• _The task_:
From the line containing "MOHIT KUMAR" through the last line of the listing, output each line exactly as it stands. Omit pictures.

□ □ □ □ □

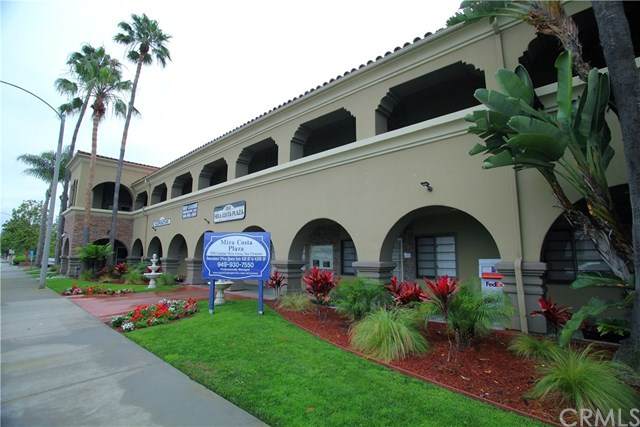 3551 Camino Mira Costa - Photo 1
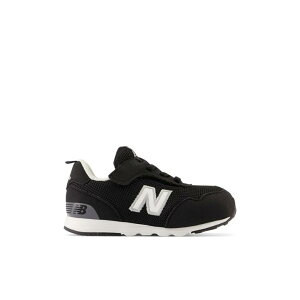 New Balance NB NW515 BLK W ubN j[oX Xj[J[ LbY NW515 ubN jOV[Y V[Y C i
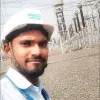 MOHIT KUMAR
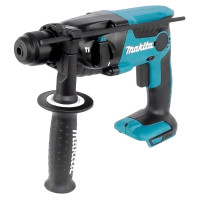 Акумулаторен перфоратор MAKITA DHR165Z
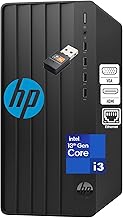 HP Business Desktop Tower 290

□ □ □ □ □

• _Answer space_:
 MOHIT KUMAR
 Акумулаторен перфоратор MAKITA DHR165Z
 HP Business Desktop Tower 290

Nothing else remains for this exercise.